12 June 2011
News broke yesterday that their are discussions among the players union and the owners that baseball may switch to two 15 team leagues with the top five teams in each league advancing to the playoffs. This means that baseball would have one of the National League teams switch over to the American League, it would get rid of the divisions, and add another round to the playoffs. As of right now the chances of this actually happening is under 50-50, but it is still in the early in the negotiating period for the new collective bargaining agreement. As of right now the team that would be most likely be moved to the AL from the NL is the Houston Astros, who will automatically have a natural rival in the Texas Rangers. Although the current ownership says that they have no interest in changing leagues, the team is up for sale and MLB could make the switch of leagues a part of the sale. As with any big change it comes with several pros and cons.

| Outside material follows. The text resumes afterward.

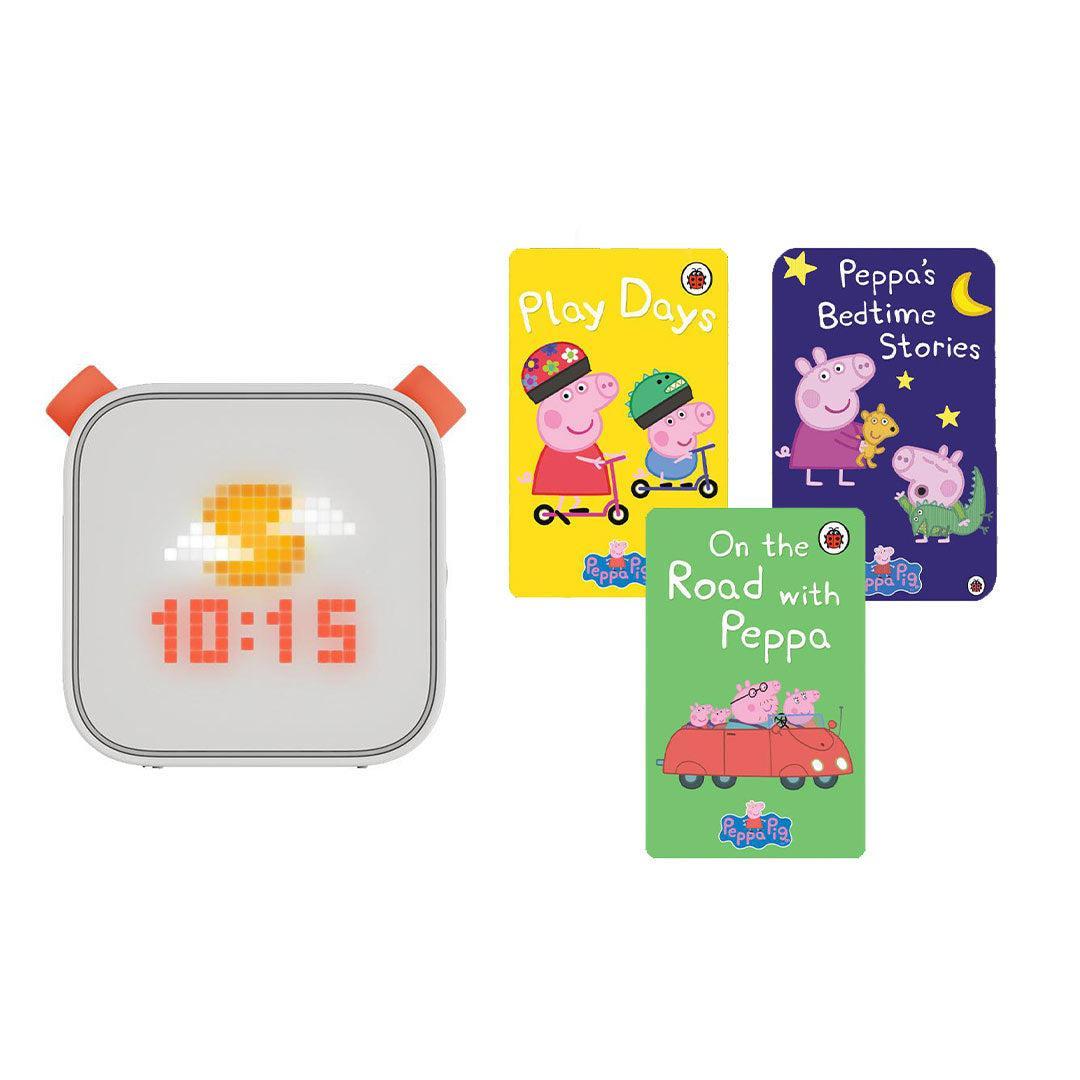 Yoto Player Bundle - Peppa Pig | 3rd Gen-Audio Players-No Headphones- | Natural Baby Shower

- Being a Marlins and Orioles fan this switch really helps these teams who have to play perennial big market powers. It has always been seen as a disadvantage to teams in the AL East to have to play both the Yankees and Red Sox 18 times each, while in the AL West and Central are filled with mid sized markets who tend to have quite a bit more turnover in the divisions. Instead with the elimination of divisions the games played becomes evenly distributed among all of the teams in the league.
- An addition of another playoff round. With the top five teams, as opposed to the current four team, now going to the playoff it means that means that teams #4 and #5 will play each other in the opening round and the winner will go on to play #1.
- This also means that teams with who win weak divisions will not be able to sneak into playoffs. In the past, their have been teams who are barley over .500 who have been able to get into the playoffs because they play in a horrible division. Now with it being a one giant league it will make sure that only the teams with the top five records would be able to advance.
- Interleague play is going to happen through out the year. Baseball is set up right now with 16 teams in the NL and 14 teams in the AL so that their will be even match-ups with no team getting an equivalent of a bye week. So to eliminate this problem with a two 15 team leagues baseball will expand Interleague play to happen all year long.
- Reduced drama at the end of the year. Part of the fun at the end of the season are all of the division races and wild card races that take place. This year their is a chance that three of the best teams in the AL could be the Yankees, Red Sox, and Rays and they will be fighting for both the division title and the wild card. However in the new system these teams could be pretty set to make the playoffs and not have to much to worry about come the end of the year.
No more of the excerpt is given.